Un informe de WeProtect Global Alliance revela un dato estremecedor: un tercio de la violencia sexual infantil es cometida por preadolescentes y adolescentes. La prevalencia de estos comportamientos dañinos es, además, notablemente alta en América Latina, aunque, para más preocupación, muchas veces estos casos ni siquiera logran figurar en las estadísticas oficiales de nuestros países. Esta invisibilidad es un caldo de cultivo para la perpetuación del ciclo de abuso.

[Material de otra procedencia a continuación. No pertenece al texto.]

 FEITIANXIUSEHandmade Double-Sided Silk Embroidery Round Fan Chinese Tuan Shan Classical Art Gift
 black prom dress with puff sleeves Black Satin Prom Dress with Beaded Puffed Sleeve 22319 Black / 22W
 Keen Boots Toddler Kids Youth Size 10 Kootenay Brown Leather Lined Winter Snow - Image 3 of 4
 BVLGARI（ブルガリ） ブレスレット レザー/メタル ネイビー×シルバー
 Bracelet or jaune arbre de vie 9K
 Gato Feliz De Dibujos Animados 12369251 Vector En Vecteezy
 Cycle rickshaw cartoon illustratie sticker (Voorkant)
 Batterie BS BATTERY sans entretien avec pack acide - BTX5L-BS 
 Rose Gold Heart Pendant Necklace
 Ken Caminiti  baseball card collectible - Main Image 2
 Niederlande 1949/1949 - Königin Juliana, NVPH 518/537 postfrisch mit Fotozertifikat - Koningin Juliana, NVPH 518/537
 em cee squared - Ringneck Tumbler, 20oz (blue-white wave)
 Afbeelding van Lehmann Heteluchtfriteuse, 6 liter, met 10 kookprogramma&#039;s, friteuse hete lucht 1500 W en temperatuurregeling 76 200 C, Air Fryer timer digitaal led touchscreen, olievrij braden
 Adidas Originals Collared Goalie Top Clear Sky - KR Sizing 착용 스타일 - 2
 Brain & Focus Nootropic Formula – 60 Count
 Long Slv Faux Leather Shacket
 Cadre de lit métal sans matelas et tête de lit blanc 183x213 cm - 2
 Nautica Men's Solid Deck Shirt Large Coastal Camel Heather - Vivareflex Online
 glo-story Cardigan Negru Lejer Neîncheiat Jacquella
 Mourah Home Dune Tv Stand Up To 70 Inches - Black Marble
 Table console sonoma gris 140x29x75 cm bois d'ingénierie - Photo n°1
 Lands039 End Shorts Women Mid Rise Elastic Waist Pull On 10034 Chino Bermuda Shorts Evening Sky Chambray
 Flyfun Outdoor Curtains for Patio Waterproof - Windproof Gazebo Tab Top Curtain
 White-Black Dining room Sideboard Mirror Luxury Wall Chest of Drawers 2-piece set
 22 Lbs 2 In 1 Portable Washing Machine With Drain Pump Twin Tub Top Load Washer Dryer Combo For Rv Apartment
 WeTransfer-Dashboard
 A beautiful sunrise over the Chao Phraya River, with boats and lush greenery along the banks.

Pero quizás el hallazgo más crucial de esta investigación radica en desmantelar la imagen del victimario como un simple abusador. La investigación señala de manera categórica que “la mayoría de los niños y adolescentes que ejercen comportamientos sexuales dañinos fueron previamente víctimas de violencia, maltrato o negligencia”. Es decir, se trata, en muchos casos, de niños y adolescentes que están atravesados por un historial de experiencias adversas en la infancia, padeciendo procesos de depresión, ansiedad, estrés postraumático y trastornos de conducta. Incluso, el estudio vincula esta violencia sexual con discapacidades de aprendizaje. Comprender esta dinámica es fundamental, porque la agresión es, a menudo, una manifestación de un profundo dolor y trauma no resuelto.
El informe pone el foco en un asunto espinoso: los comportamientos sexuales dañinos en niños y adolescentes. Y no se trata aquí de los habituales juegos de exploración, sino de conductas graves como el acoso sexual, la extorsión digital o la manipulación de pares a través de redes sociales. Se trata de un fenómeno que no puede ser subestimado ni relativizado; requiere ser abordado con la seriedad que demandan las cifras.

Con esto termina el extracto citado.